The Act of Creation
At the auditory projection area we must assume the dismantling process to end and the reassembling to start. When we listen to the symphony we do not hear an ensemble of the pure tones into which it has been broken up in the cochlea, but an ensemble of individual instruments and voices: that is, of organized sub-wholes. The individual timbre of an instrument is determined by its overtones -- the series of partials which accompany the fundamental, and the energy-distribution of them. By superimposition of the sine curves of the partials, we obtain the periodic curve characteristic for each instrument. When we identify the sound of a violin or flute by picking out and bracketing together its partials -- which were 'drowned' among thousands of other partials in the air-pressure wave -- we have achieved 'timbre constancy', comparable to visual figure constancy.
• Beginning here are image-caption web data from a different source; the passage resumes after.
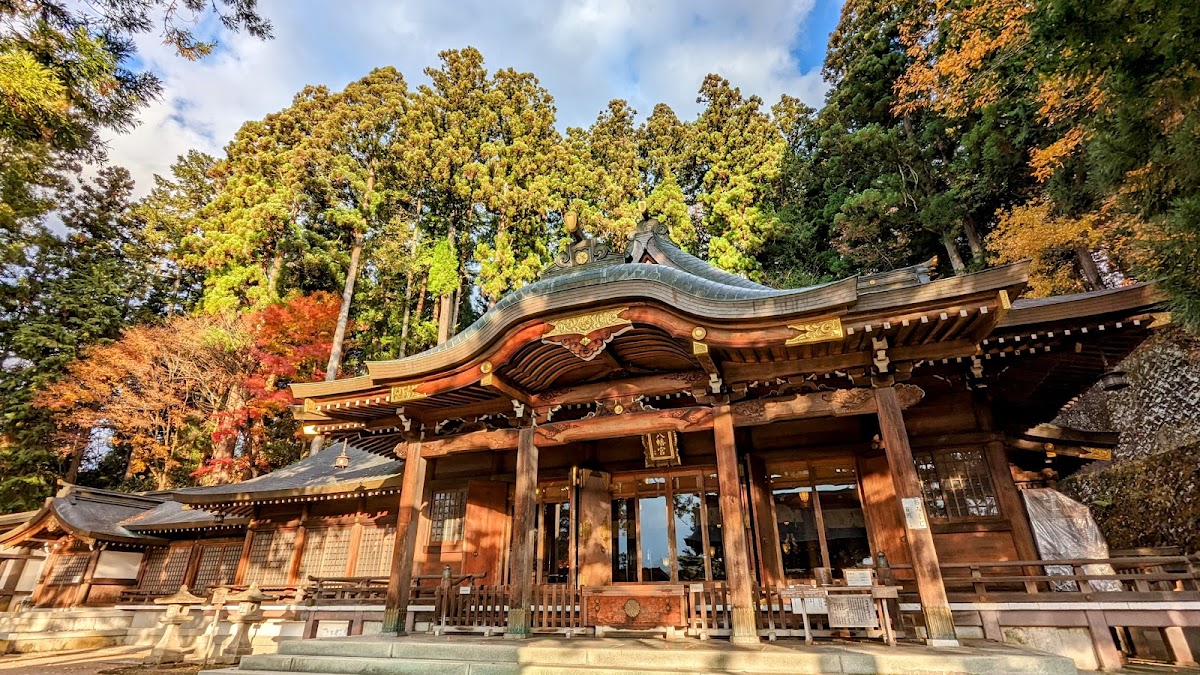 秋景中的神社建築外觀
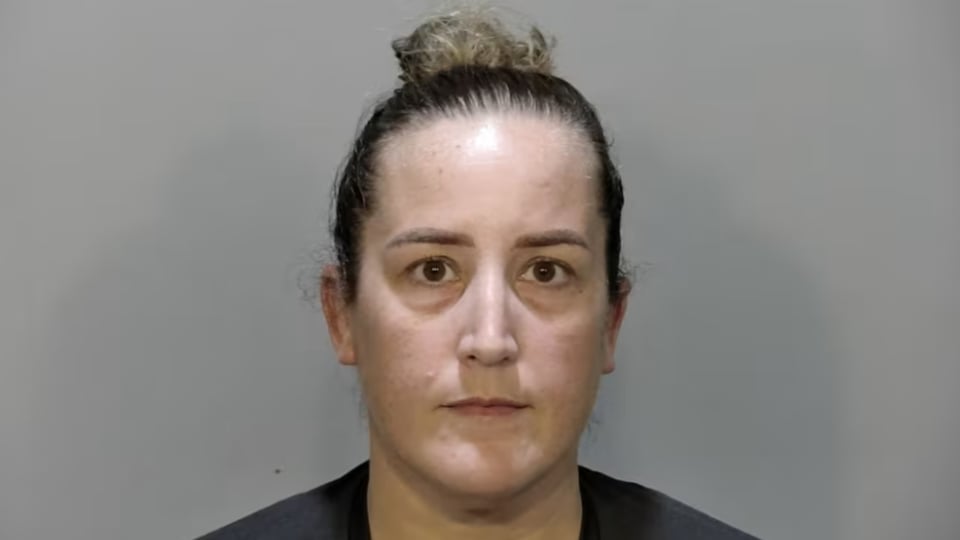 Policía arrestada por darle información confidencial a su novio ‘narcotraficante’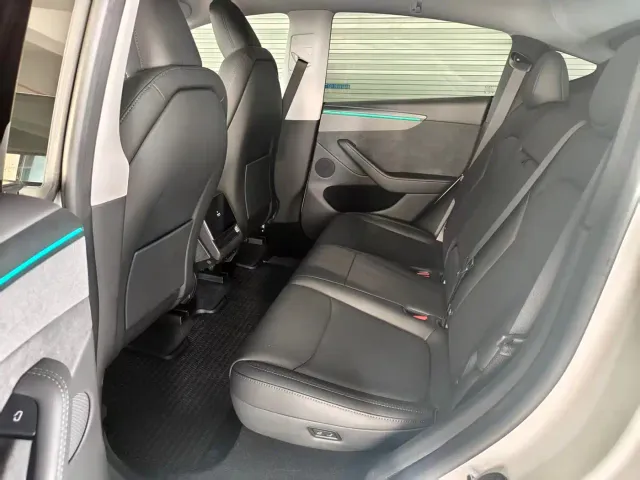 Tesla Model Y — Фото автомобиля 5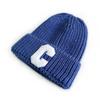 N55 Lã Infantil Marca Letra C Ponto Grosso Monocromático Masculino e Feminino Infantil Tendência Pulôver Babado Moda Chapéu de Tricô para o Frio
This, of course, is based on past experience and involves an act of recognition by the 'trained ear' of instruments previously heard in isolation.
'Coloured Filters'
Since all but the most elementary perceptions interact with past experience, it seems a rather unsound procedure to discuss perception divorced from the problem of memory. The question, then, is how the 'trace' was originally acquired which enables me to recognize an instrument or voice on subsequent occasions. Let us assume that I am hearing an exotic instrument for the first time, and that I am interested at the moment only in its timbre, not in the melody played on it (which, in the case of a Japanese koto or samisen, would be above my head anyway). As I am listening, the mathematical relations between the partials remain constant and enduring, whereas their pitch and loudness are changing all the time. This stable and enduring relation-pattern (the fixed ratios between the part-frequencies) will be treated by my nervous system, which is processing the input, as relevant, whereas the changes in the relata (the absolute frequencies) are discarded as irrelevant. When this filtering-out process is completed, the input will have been finally stripped of all irrelevant detail, according to the demands of parsimony, and reduced to its invariant pattern -- to 'information' purified of 'noise'. If an input has undergone these transformations and was permitted to progress this far without being blocked somewhere on its way (as, for instance, the voices of irrelevant strangers at a cocktail party are) then it will tend to leave a lasting 'trace' -- which will enable the nervous system to recognize in future the same voice or instrument.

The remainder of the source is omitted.